### ACTIVITY:
Omit the pictures and return exactly the stretch of the material below from the line with "May include: A" through the line with "Miniature functional wet-felted".

### DATA RECORDS:

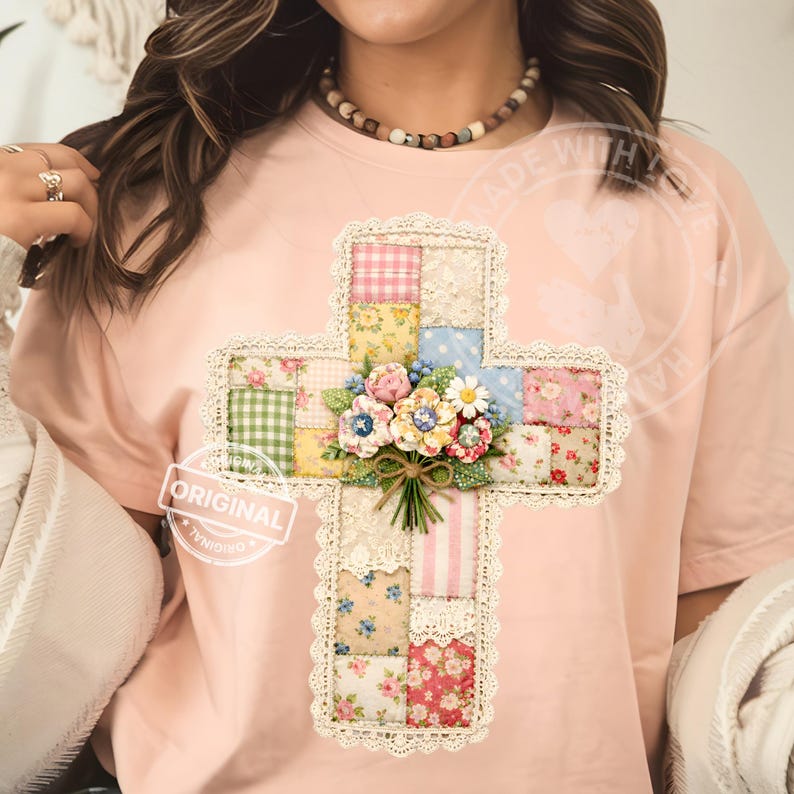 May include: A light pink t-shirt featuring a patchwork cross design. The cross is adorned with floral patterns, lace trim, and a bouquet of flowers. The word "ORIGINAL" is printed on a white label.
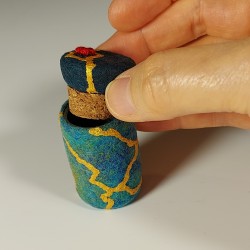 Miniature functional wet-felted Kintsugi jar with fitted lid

...

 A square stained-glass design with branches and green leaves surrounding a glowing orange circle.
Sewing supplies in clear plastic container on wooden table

==

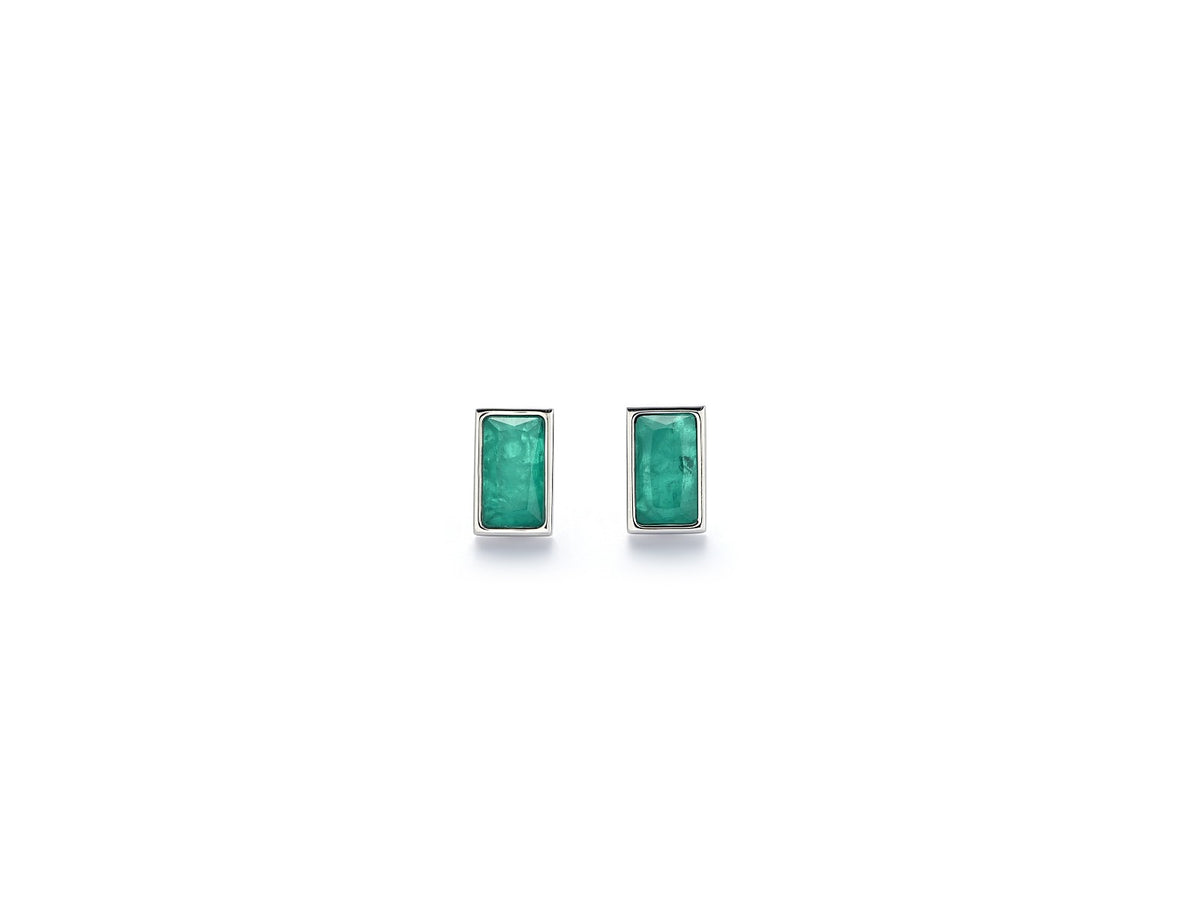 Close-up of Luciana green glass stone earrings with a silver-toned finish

### SOLUTION TO THIS TASK:
 May include: A light pink t-shirt featuring a patchwork cross design. The cross is adorned with floral patterns, lace trim, and a bouquet of flowers. The word "ORIGINAL" is printed on a white label.
 Miniature functional wet-felted Kintsugi jar with fitted lid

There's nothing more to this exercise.